No-one will ever dig it up.
-nB
whois gawk date unzip strip find touch finger mount join nice man top fsck grep eject more yes exit umount sleep dump
Write it in English.
If civilization ever devolves to the point where English is no longer recognized/understood, then guess what?
The cavemen who have replaced us won't be our problem to deal with. We'll all be happily dead.
Seriously, if such a warning is ever needed, to hell with Humanity 2.0. I can see it now:
Ogg (sipping a skull full of blood): Me say, is nice of other human to warn us of glowy shiny.
Eck (nodding his head before picking something out of his hair and eating it): Mmmm. Yes, is pity they stupid and bash selves.
Ogg and Eck: Ahahahahaha!
Well, screw you, future savages - may you all wilt and die from radiation poisoning.
Then future generations can look it up on the wayback machine.
Universal Translator error code #7
The language you requested is available only to registered members.
Today's warning sign is tomorrow's tourist attraction. If anything, the warning signs will attract tourists, exposing them to more radiation. "Hey lookie here FuturoBillyBob, these ancient symbols must lead to treasure, because no ancient symbol would ever be a warning, right?" This will inevitably lead to naturally selecting out curious tourists who will die out from radiation poisoning and not pass on the curious gene.

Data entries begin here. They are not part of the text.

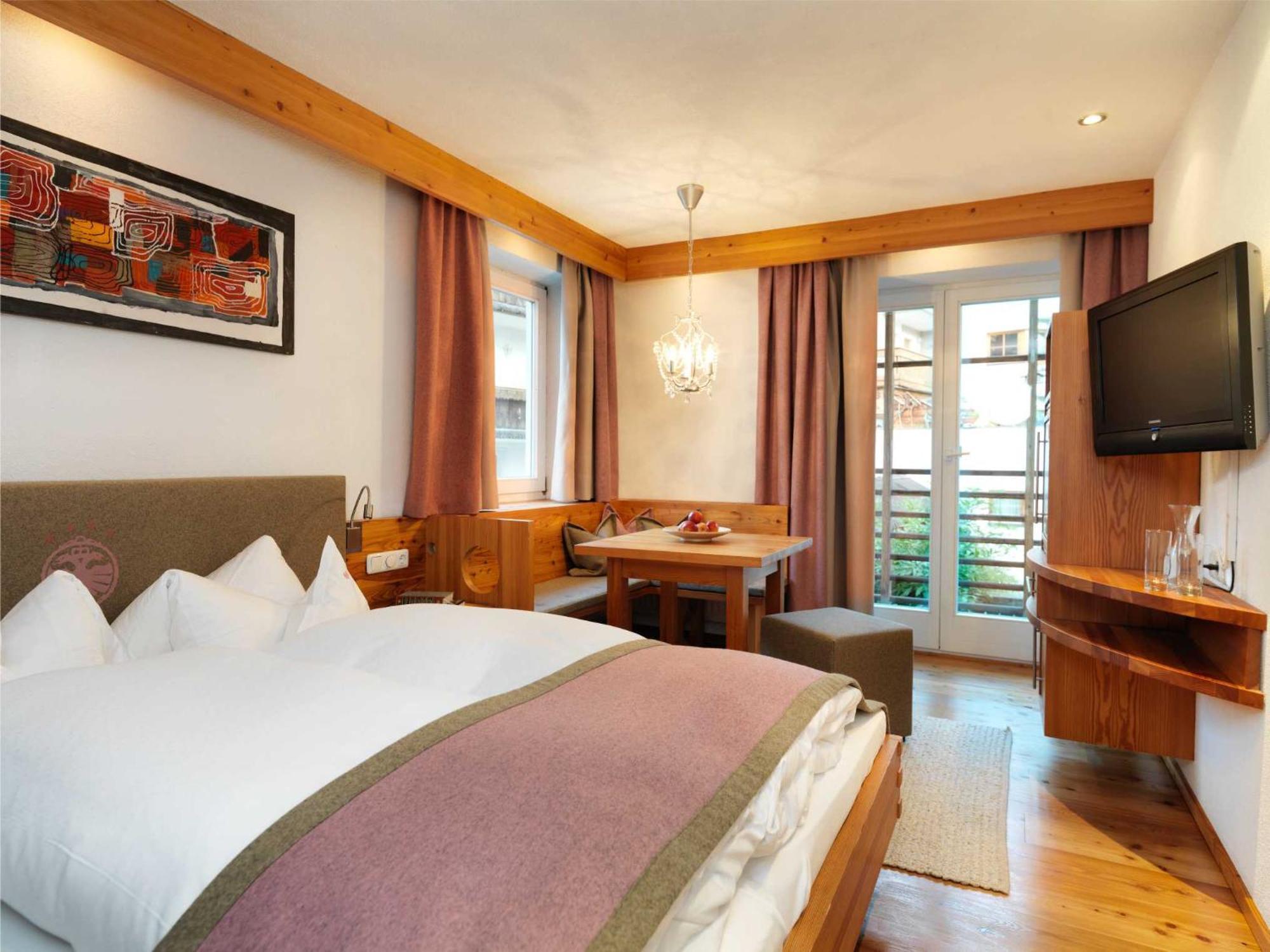 Hotel Goldener Adler - Im Sommer Silvretta Card Premium Inkludiert Ишгъл Екстериор снимка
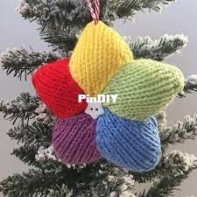 Rainbow Festive Star by Amanda Berry - Free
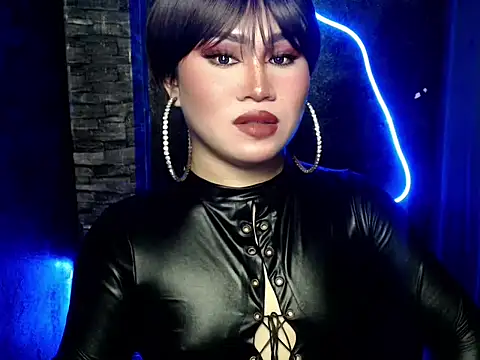 Snapshot of pretty_lassy chatting on 10/17/25, 06:50 pretty lassy online show from 10/17/25, 06:50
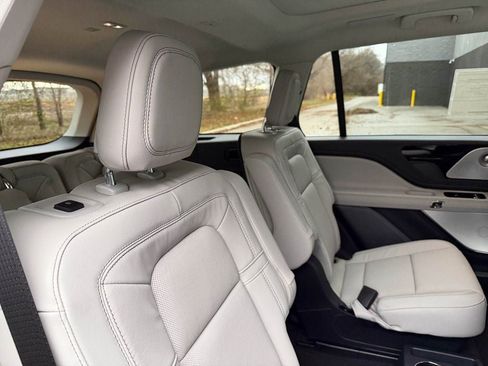 New 2026 Lincoln Aviator Reserve w/ Luxury Package image 22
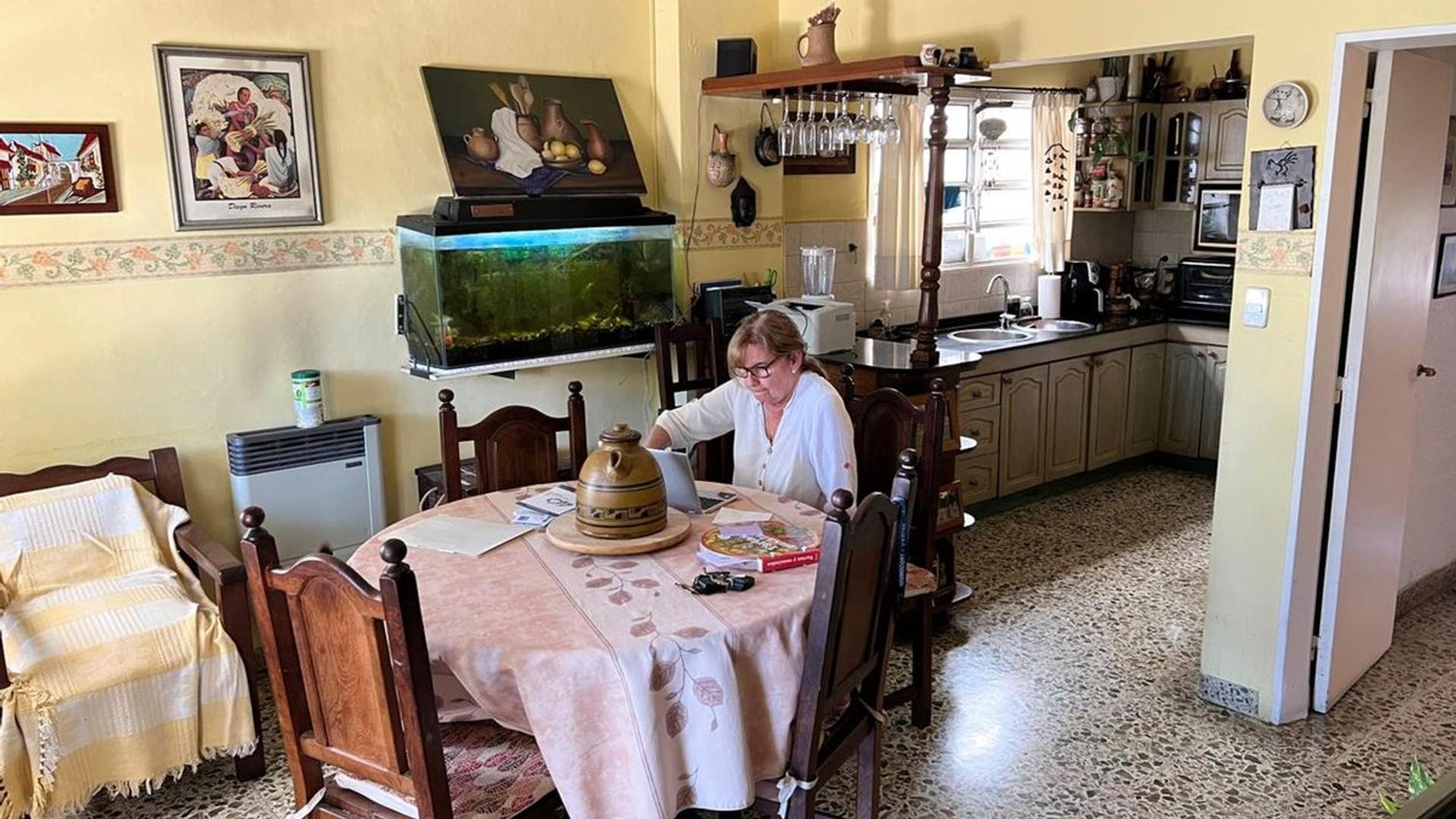 Casa 6 ambientes con 1 baño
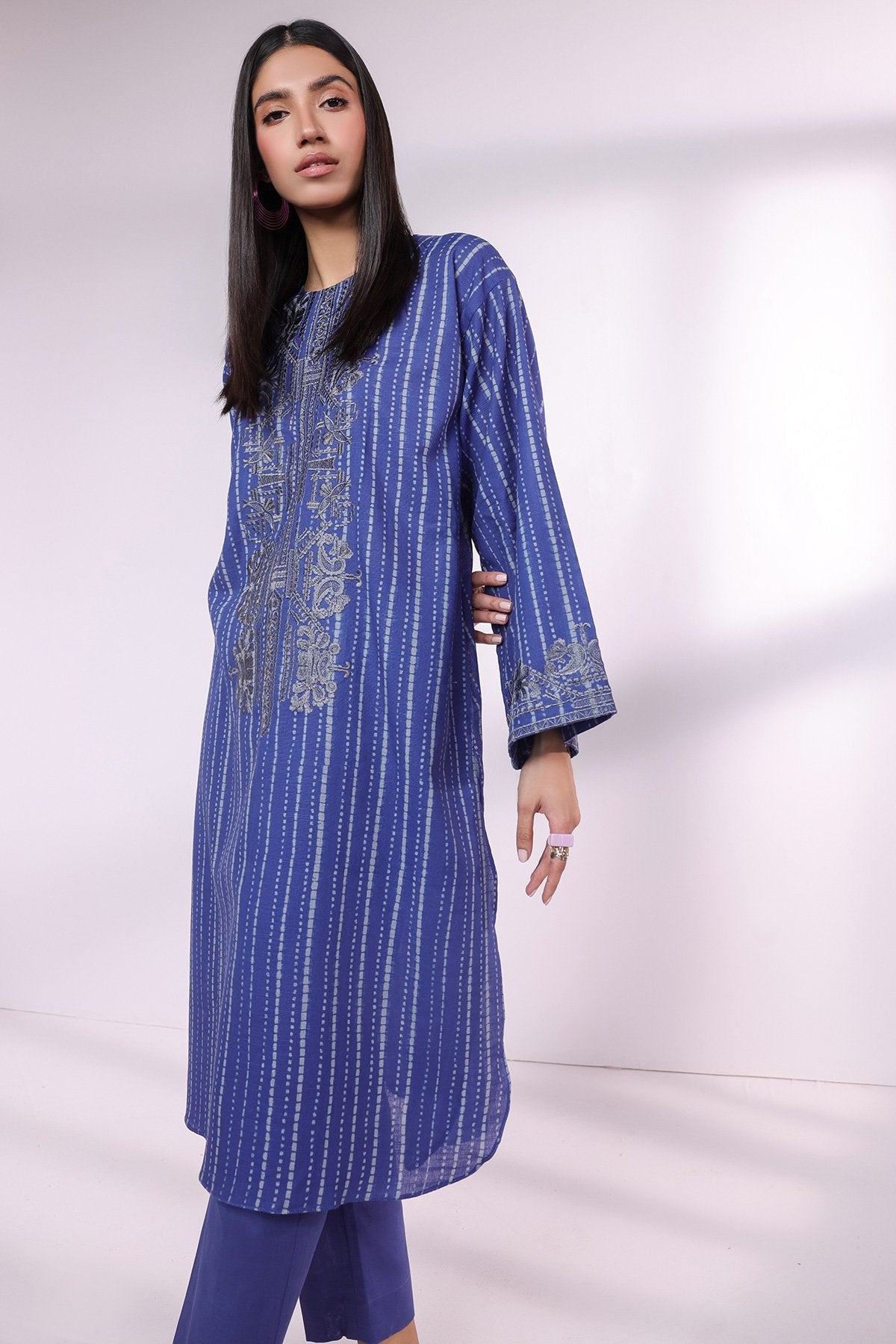 2 Pc Embroidered Khaddar Outfit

The "Where's Waldo" series will plummet in sales, causing its publisher to go out of business, reducing the sales of red and white horizontally striped sweaters, thick glasses, blue pants and brown shoes as well as stocking hats, unleashing an economic chain reaction leading to a global economic collapse that will start nuclear war, resulting in the annihilation of mankind. So don't mess this up, LA!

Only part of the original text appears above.